Once Twice Melody [le vidéoclip: ], Beach House, Bella Union
— Small WorldMetronomy, Because Music
StumpworkDry Cleaning, 4AD
— YTI⅃AƎЯBill Callahan, Drag City

+ un 10e que je dévoilerai quand je l'aurai trouvé.

dimanche 4 décembre 2022

22 v'là les films !

Notes sur les films qui composent mon Top 2022 (cf. le post précédent) mais dont je n'avais pas encore parlé.

Rappel en ce qui concerne les autres:

Licorice Pizza de Paul T. Anderson: Du réglisse dans la vallée
Don Juan de Serge Bozon: Bien porter le cocard
Juste sous vos yeux de Hong Sang-soo: Un cinéma rossellinien
Bowling Saturne de Patricia Mazuy: Bowling, ça tourne
Pacifiction d'Albert Serra: Pas si fiction

Et pour commencer: Aucun ours de Jafar Panahi.


Aucun ours de Jafar Panahi (2022).

L'homme qui a vu l'ours.

On sait le contexte: la situation de Jafar Panahi au moment du film, toujours assigné à résidence et interdit de tournage (aujourd'hui il est en prison); Panahi qui aurait pu s'exiler depuis longtemps mais qui préfère résister de l'intérieur, dans son pays, l'Iran, ainsi qu'il apparaît dans Aucun ours, lorsque le personnage qu'il incarne (lui-même, comme d'habitude, dans son propre rôle) se retrouve en pleine nuit à la frontière (de l'autre côté, c'est la Turquie où son équipe tourne le film qu'il dirige à distance, via Internet), et que, effrayé à l'idée non pas de transgresser l'interdit mais de contrevenir à sa règle de conduite, il fait marche arrière et retourne dans le village (Jaban, tout au nord de l'Iran) où il s'est installé le temps du tournage. Et comme toujours chez Panahi, cette intelligence du dispositif qui dit l'essentiel avec le minimum de moyens.
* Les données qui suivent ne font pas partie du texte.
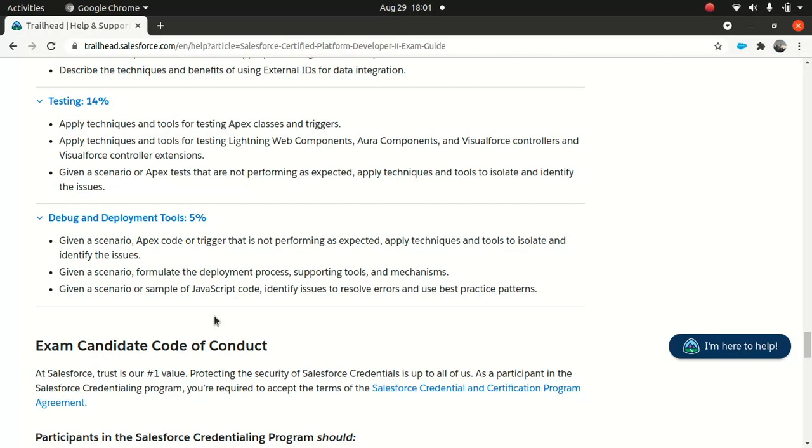This is pretty much the course content which I wanted to talk about. I hope you guys are excited because Platform Developer II is an amazing certification that tests your deeper Apex and LWC or Aura component skills and other aspects of Salesforce. If you're going to appear for any system architect exam, having Platform Developer II will really help.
A un premier niveau, c'est l'Iran traditionnel, loin de Téhéran, avec ses rituels ancestraux (le lavage des pieds des futurs fiancés, mais aussi l'obligation pour une femme d'épouser celui qu'on lui a destiné à la naissance, exemple parmi d'autres — ils sont nombreux — de cette soumission à laquelle est contrainte la femme iranienne, l'empêchant d'épouser celui qu'elle aime — en ce sens, Aucun ours prolonge Trois Visages, le précédent film de Panahi, avec lequel il forme un fabuleux diptyque); à un second niveau, l'Iran d'aujourd'hui, privé de libertés et sans avenir, où règne la torture (qu'elle soit blanche ou physique), pays que dès lors beaucoup cherchent à fuir, par tous les moyens — deux voies sont possibles, dit à Panahi son assistant: la contrebande, avec le risque de se faire escroquer, ou les passeurs, avec le risque d'être tué.
Ces deux niveaux, Jafar Panahi les imbrique à travers deux histoires: 1) l'histoire du film que son personnage est donc en train de réaliser, qui est celle d'un couple en quête de vrais-faux passeports pour rejoindre la France (l'homme a un faux air de John Cazale), une sorte de docu-fiction puisque c'est la vraie vie du couple qui est filmée, sauf que ça ne se passe pas comme prévu et que la sincérité de Panahi est même mise en doute par la femme, autant d'éléments qui vont conduire au drame; 2) l'histoire d'une photo que Panahi aurait prise dans le village (ce qui est probable mais le film ne le montre pas), celle d'un autre couple d'amoureux, mais "illégitime" celui-là, photo que réclament les hommes du village pour confondre le garçon, mais que Panahi ne peut/ne veut leur donner, affirmant ne pas avoir fait de photo du couple, allant même, pour le prouver, jusqu'à remettre au maire la carte mémoire de son appareil, ce qui en fait ne prouve rien (la photo, il l'a probablement supprimée — c'est mon avis — mais le film, là non plus, ne le montre pas), expliquant qu'à la fin on lui demande de prêter serment (une tradition dans le village pour mettre fin à un conflit — il est même toléré de mentir si c'est pour la bonne cause), autant d'éléments qui, là aussi, vont conduire au drame... Au cœur de ces deux histoires, le pouvoir ambigu des images, entre vérités et mensonges, qui fait de Panahi le digne héritier de Kiarostami (avec les clins d'œil habituels, ici, par exemple, l'obligation pour le cinéaste d'aller sur la colline avec son ordinateur portable pour avoir du réseau, ce qui rappelle le documentariste dans Le vent nous emportera), à la différence toutefois que l'humanisme de Panahi est plus chaleureux que celui de Kiarostami dont l'œuvre avec le temps tendait de plus en plus à l'abstraction. Cela tient d'abord à la présence de Panahi devant la caméra, et à sa bonhomie, mais aussi à ce besoin chez lui de proximité, d'être près des gens, ce dont témoigne ici le désir exprimé par son personnage d'être le plus proche possible du lieu de tournage, des décors, certes de l'autre côté de la frontière mais tout à côté, désir irraisonné puisque compliquant la supervision du tournage, en plus que de se révéler dangereux...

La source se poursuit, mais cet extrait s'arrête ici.